Week 10 Discussion

Haiding Luo

2023 11 13

Part 1.

library(ggplot2)
x <- seq(-5, 5, length.out = 150)


data_normal <- data.frame(x = x, y = dnorm(x), distribution = 'Normal')


data_2 <- data.frame(x = x, y = dt(x, df = 2), distribution = 't (df=2)')
data_5 <- data.frame(x = x, y = dt(x, df = 5), distribution = 't (df=5)')
data_15 <- data.frame(x = x, y = dt(x, df = 15), distribution = 't (df=15)')
data_30 <- data.frame(x = x, y = dt(x, df = 30), distribution = 't (df=30)')
data_120 <- data.frame(x = x, y = dt(x, df = 120), distribution = 't (df=120)')


data_all <- rbind(data_normal, data_2, data_5, data_15, data_30, data_120)

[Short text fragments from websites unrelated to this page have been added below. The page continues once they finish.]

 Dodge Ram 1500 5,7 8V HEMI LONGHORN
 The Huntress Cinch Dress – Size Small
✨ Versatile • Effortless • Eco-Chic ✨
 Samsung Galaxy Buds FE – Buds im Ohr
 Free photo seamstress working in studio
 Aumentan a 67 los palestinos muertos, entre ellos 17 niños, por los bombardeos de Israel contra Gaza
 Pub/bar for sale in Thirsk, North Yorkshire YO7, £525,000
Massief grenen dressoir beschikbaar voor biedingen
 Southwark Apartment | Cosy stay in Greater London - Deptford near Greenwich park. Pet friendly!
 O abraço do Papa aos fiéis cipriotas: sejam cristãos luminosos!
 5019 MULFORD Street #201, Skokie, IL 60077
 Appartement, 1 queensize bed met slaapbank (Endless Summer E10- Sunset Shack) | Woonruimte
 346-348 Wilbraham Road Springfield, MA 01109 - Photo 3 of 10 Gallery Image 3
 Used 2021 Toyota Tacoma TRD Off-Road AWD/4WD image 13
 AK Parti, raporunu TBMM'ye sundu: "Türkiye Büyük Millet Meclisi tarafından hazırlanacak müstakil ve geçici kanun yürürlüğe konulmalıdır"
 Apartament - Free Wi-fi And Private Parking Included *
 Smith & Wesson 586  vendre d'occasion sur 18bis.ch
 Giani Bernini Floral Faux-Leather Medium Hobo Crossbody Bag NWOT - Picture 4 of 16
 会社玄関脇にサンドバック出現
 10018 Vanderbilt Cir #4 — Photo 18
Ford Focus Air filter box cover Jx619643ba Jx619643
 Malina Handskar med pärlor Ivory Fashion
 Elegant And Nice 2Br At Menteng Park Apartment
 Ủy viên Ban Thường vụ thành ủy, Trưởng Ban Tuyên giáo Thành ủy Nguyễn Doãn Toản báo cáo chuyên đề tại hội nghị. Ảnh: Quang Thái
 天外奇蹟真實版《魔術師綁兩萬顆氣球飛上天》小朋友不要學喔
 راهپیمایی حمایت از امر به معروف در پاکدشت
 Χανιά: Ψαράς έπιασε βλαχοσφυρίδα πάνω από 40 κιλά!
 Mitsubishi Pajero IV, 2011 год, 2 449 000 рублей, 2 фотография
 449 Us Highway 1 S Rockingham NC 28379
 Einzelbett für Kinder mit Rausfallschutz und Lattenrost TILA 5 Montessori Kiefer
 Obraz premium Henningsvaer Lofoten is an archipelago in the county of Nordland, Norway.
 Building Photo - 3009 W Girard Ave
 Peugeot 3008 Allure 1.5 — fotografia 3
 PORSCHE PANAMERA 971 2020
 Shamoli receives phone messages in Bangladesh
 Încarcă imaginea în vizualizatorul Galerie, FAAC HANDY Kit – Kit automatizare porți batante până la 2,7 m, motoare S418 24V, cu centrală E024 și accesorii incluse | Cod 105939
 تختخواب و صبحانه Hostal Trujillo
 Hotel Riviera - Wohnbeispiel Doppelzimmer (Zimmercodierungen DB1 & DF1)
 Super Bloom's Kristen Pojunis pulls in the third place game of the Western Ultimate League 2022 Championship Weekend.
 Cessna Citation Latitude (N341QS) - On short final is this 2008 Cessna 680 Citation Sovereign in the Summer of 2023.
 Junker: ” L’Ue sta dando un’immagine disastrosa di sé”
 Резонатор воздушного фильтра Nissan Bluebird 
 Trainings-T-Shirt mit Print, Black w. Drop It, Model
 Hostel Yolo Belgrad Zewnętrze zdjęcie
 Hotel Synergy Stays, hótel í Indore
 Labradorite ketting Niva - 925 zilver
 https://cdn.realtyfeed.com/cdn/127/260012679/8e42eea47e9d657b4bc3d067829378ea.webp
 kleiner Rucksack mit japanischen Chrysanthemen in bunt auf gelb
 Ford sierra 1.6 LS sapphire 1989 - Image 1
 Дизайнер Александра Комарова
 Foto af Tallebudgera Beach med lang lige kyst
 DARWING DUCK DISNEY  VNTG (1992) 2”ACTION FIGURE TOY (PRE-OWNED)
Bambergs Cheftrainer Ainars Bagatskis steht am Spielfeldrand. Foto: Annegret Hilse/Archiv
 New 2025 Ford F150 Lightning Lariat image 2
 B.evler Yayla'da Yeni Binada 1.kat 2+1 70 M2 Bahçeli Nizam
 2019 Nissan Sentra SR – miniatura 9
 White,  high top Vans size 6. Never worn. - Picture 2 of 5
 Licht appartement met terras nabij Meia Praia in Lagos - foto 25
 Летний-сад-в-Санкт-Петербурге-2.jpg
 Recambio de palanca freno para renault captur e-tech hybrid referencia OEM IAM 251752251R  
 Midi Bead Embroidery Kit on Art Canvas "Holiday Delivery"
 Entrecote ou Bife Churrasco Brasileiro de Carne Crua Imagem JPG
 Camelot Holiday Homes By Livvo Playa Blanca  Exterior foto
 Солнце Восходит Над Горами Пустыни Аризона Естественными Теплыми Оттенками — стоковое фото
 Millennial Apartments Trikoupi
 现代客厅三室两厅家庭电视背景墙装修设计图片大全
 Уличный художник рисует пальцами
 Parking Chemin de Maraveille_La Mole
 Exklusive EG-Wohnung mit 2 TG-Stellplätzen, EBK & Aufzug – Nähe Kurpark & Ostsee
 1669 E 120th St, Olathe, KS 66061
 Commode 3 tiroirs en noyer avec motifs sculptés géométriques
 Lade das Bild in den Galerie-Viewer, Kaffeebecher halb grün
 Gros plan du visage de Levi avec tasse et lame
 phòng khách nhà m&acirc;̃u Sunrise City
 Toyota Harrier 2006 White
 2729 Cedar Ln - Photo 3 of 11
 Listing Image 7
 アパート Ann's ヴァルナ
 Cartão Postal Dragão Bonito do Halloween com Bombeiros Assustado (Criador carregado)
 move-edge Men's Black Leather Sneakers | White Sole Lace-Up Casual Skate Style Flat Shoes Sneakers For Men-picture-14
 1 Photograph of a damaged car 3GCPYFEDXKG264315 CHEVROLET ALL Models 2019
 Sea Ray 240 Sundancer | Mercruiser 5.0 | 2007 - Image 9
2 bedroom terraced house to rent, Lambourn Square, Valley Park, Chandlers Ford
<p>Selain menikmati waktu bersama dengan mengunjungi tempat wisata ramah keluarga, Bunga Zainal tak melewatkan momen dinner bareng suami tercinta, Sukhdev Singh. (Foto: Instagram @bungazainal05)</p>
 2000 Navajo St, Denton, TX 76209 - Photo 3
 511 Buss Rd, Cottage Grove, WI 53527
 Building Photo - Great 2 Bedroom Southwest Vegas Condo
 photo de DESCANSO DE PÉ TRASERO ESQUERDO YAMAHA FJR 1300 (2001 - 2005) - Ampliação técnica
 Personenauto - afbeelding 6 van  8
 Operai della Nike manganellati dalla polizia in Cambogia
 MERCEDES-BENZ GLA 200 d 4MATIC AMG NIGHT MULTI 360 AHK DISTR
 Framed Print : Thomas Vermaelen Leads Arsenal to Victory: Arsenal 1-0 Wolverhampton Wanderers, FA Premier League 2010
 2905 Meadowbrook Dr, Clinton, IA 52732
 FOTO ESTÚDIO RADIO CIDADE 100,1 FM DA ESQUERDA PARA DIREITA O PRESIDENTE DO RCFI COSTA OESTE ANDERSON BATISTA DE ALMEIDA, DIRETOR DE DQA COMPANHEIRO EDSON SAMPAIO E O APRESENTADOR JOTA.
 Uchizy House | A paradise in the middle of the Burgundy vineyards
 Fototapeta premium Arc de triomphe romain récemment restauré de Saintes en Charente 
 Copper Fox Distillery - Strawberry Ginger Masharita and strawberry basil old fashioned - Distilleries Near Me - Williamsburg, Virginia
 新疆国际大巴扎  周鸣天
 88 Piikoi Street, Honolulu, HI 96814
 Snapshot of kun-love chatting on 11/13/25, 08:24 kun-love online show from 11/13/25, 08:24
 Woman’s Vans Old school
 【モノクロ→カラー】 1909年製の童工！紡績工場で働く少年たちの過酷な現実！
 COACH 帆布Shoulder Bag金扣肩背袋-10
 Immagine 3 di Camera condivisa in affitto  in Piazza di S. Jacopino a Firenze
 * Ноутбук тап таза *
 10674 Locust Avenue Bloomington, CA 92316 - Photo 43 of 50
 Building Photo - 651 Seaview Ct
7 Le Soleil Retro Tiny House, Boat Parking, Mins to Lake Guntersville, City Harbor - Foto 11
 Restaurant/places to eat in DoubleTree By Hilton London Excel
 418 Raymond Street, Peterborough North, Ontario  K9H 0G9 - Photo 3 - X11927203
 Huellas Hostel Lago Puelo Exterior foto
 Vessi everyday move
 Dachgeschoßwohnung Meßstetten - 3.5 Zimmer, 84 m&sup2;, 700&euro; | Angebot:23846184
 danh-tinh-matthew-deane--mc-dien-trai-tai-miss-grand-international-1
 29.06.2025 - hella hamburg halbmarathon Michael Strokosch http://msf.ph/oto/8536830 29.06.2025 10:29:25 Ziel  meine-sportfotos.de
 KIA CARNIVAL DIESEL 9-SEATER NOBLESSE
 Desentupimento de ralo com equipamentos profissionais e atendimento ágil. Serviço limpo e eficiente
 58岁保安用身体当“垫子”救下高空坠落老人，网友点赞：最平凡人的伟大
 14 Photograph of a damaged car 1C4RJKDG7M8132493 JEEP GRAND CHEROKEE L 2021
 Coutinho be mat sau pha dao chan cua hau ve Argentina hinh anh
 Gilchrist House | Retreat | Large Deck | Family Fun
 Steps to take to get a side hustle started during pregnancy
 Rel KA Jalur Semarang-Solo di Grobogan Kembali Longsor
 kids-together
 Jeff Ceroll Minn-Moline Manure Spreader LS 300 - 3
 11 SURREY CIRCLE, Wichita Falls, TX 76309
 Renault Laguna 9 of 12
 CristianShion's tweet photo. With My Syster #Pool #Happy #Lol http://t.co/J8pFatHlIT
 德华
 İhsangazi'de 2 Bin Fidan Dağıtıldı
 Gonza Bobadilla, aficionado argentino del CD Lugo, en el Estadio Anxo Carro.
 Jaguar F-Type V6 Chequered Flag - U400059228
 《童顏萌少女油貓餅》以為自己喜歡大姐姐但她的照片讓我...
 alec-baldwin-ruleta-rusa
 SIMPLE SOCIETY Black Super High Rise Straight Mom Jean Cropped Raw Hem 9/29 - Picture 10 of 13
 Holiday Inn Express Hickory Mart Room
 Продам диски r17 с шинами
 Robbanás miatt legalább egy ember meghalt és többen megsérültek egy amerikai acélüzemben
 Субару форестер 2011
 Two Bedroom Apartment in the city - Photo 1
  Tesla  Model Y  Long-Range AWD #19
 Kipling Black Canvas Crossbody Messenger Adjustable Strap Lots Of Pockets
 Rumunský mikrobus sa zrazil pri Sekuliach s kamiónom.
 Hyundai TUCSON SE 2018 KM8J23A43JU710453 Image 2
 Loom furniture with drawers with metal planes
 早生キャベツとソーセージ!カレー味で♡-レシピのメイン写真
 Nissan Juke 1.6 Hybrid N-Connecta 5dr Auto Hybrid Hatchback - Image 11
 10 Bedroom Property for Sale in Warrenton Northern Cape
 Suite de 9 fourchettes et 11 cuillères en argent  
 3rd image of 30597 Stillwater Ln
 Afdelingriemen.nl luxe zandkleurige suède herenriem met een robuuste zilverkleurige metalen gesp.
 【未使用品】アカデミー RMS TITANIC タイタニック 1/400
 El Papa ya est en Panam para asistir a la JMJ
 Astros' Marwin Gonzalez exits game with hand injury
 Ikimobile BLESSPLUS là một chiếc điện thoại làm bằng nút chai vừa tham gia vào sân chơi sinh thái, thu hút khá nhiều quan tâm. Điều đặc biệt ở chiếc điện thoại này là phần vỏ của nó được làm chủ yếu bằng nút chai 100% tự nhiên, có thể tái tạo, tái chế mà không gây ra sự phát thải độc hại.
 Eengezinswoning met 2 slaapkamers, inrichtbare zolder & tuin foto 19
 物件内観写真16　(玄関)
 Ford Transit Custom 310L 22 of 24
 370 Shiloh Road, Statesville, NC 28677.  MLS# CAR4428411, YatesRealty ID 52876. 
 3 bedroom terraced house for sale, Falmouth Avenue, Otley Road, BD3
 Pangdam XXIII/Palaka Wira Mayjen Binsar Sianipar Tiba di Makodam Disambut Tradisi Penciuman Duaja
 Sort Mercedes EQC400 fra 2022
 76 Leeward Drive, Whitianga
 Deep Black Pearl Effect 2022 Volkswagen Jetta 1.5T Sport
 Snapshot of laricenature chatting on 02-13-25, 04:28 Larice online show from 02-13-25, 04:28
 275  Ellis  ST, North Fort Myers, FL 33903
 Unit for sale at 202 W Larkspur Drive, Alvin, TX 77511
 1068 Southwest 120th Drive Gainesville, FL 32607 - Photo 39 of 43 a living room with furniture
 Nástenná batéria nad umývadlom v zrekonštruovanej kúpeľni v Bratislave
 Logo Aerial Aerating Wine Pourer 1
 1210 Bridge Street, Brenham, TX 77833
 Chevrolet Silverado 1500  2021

ggplot(data_all, aes(x = x, y = y, color = distribution)) +
  geom_line() +
  theme_minimal() +
  labs(title = "Normal Distribution vs. t-Distributions",
       x = "Value",
       y = "Density")

Part 2.

library(ggplot2)
set.seed(123)
mu <- 108
sigma <- 7.2


data_values <- rnorm(n = 1000, mean = mu, sd = sigma)

z_scores <- (data_values - mu) / sigma

data_normal <- data.frame(Value = data_values, Type = 'Normal Distribution')
data_z <- data.frame(Value = z_scores, Type = 'Z Score Distribution')
data_all <- rbind(data_normal, data_z)

ggplot(data_all, aes(x = Value)) +
  geom_histogram(binwidth = 0.5, fill = "green", alpha = 0.7) +
  facet_wrap(~ Type, scales = "free") +
  theme_minimal() +
  labs(title = "Comparison of Normal Data and Z Score Distribution",
       x = "Value",
       y = "Density")

I think they have the same distributional shape based on the graph above, Z-score doesn’t change the shape of the distribution.

Part 3.

The p-value in statistics measures the relationship between observed data and a hypothesis. It is a probability, ranging from 0 to 1, indicating the likelihood of the observed results under the hypothesis. A small p-value suggests the observed results may be due to the hypothesis being tested, leading to doubts about the hypothesis’ truth. Conversely, a large p-value implies the results are consistent with the hypothesis, indicating insufficient evidence to reject it. The p-value is key in determining the statistical significance of hypothesis testing.